● Task statement
Return only these lines: the one that contains "Pawprint Mittens - Icy Blue" and every line after it through the end of the listing, exactly, without pictures.

● Records for the exercise
▼

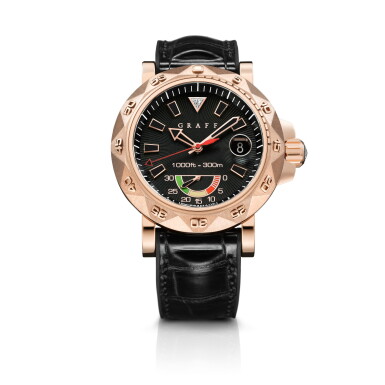 View full screen - View 1 of Lot 151. GRAFF | REFERENCE SG47PG SCUBAGRAFF A LIMITED EDITION PINK GOLD AUTOMATIC CENTER SECONDS WRISTWATCH WITH DATE AND 30-MINUTE COUNTDOWN INDICATOR, CIRCA 2015.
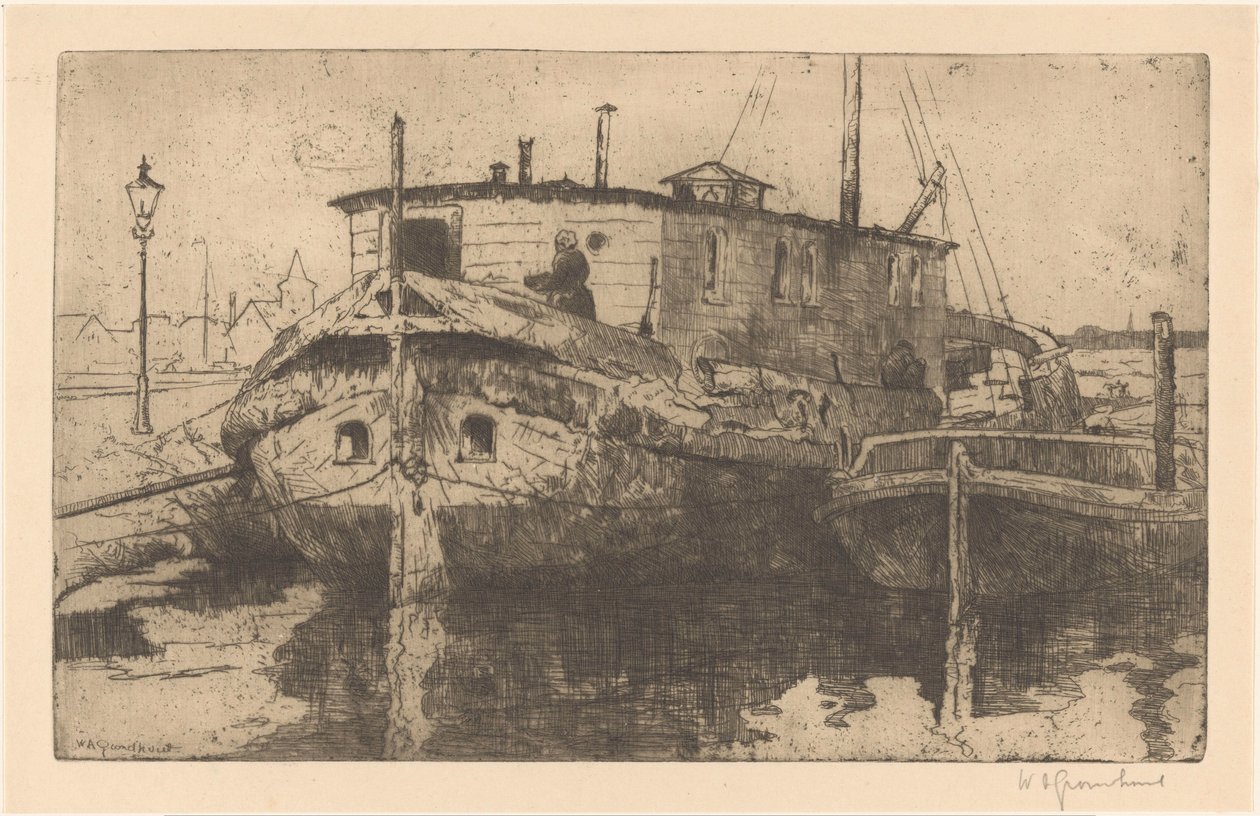 Laakhafen in Den Haag von Willem Adrianus Grondhout (signed by artist)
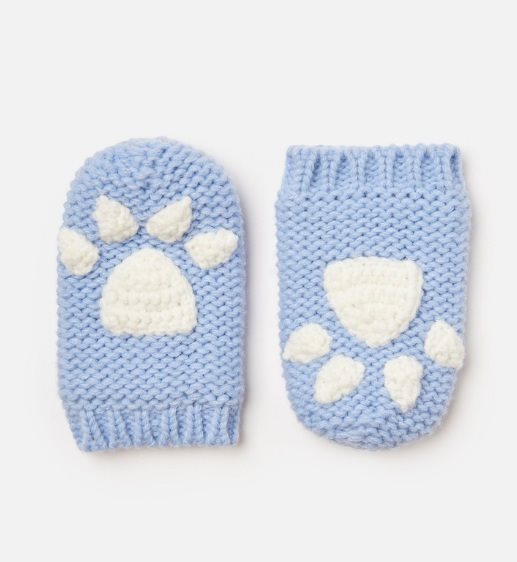 Pawprint Mittens - Icy Blue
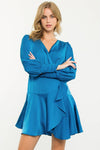 Blue Long Sleeve Flutter Dress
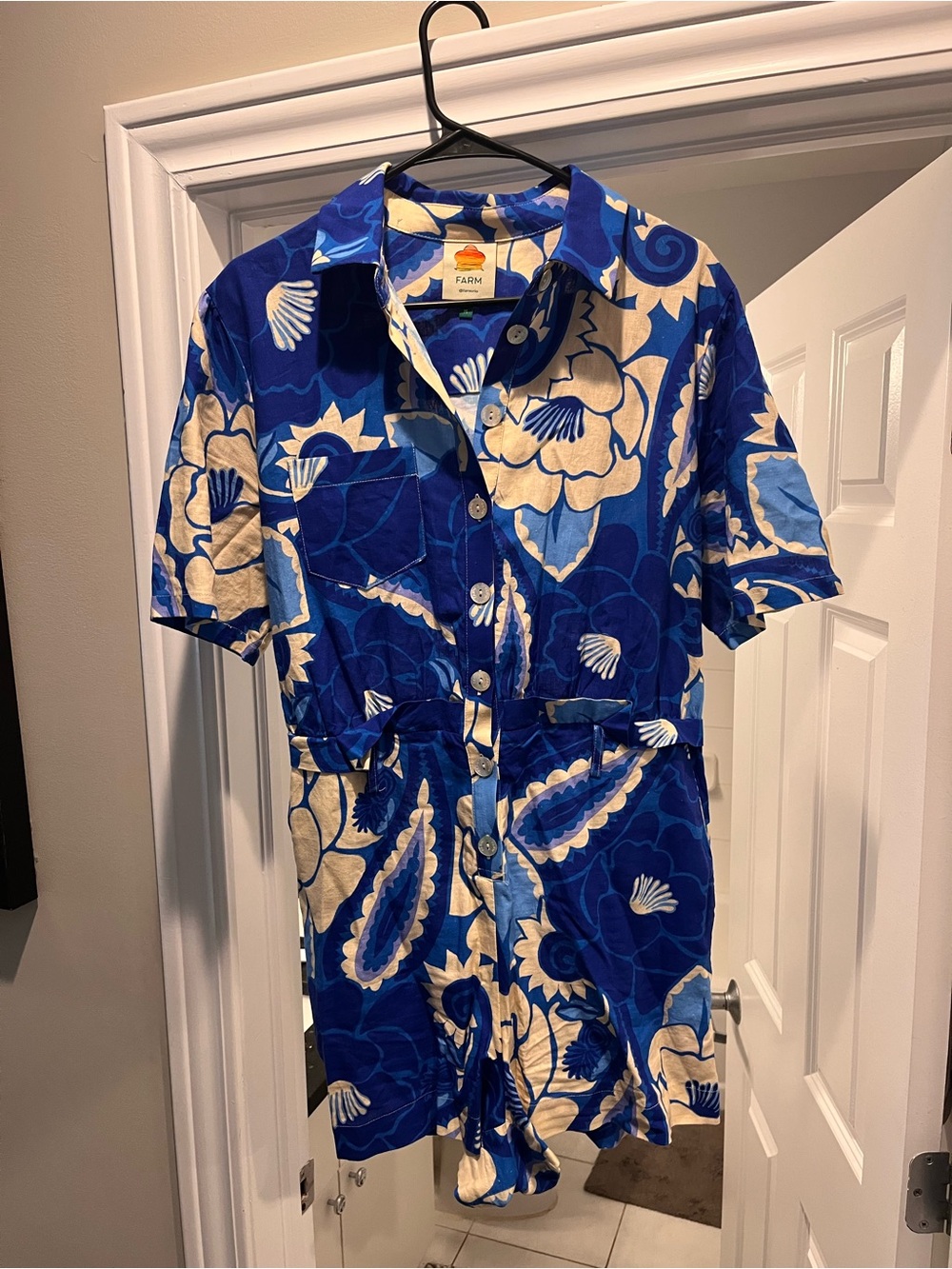 FARM Rio Blue and Cream Floral Button Front Romper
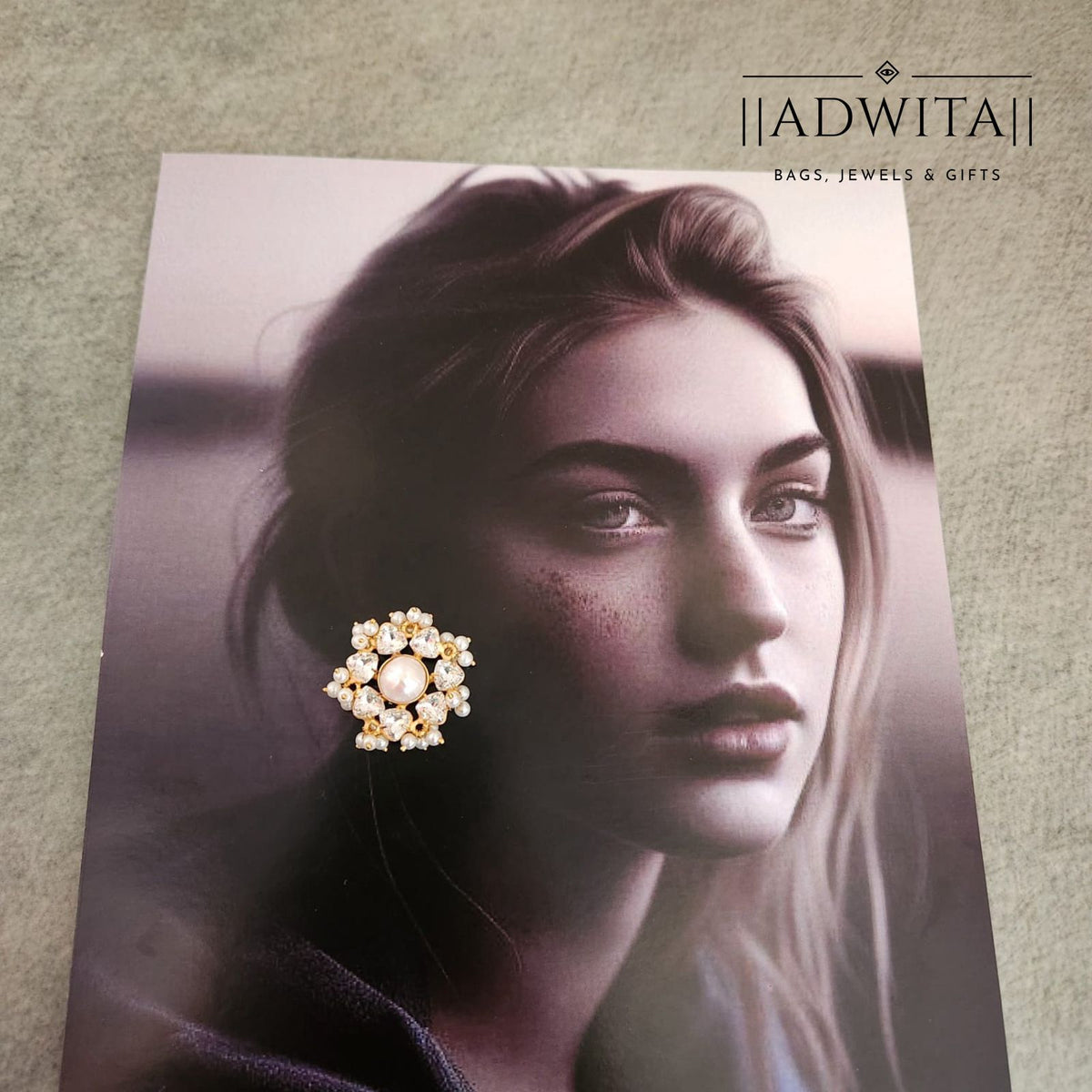 Pearl Zirconia  Studs With Hint Of  Mini Pearls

▲

● Solution for this exercise
 Pawprint Mittens - Icy Blue
 Blue Long Sleeve Flutter Dress
 FARM Rio Blue and Cream Floral Button Front Romper
 Pearl Zirconia  Studs With Hint Of  Mini Pearls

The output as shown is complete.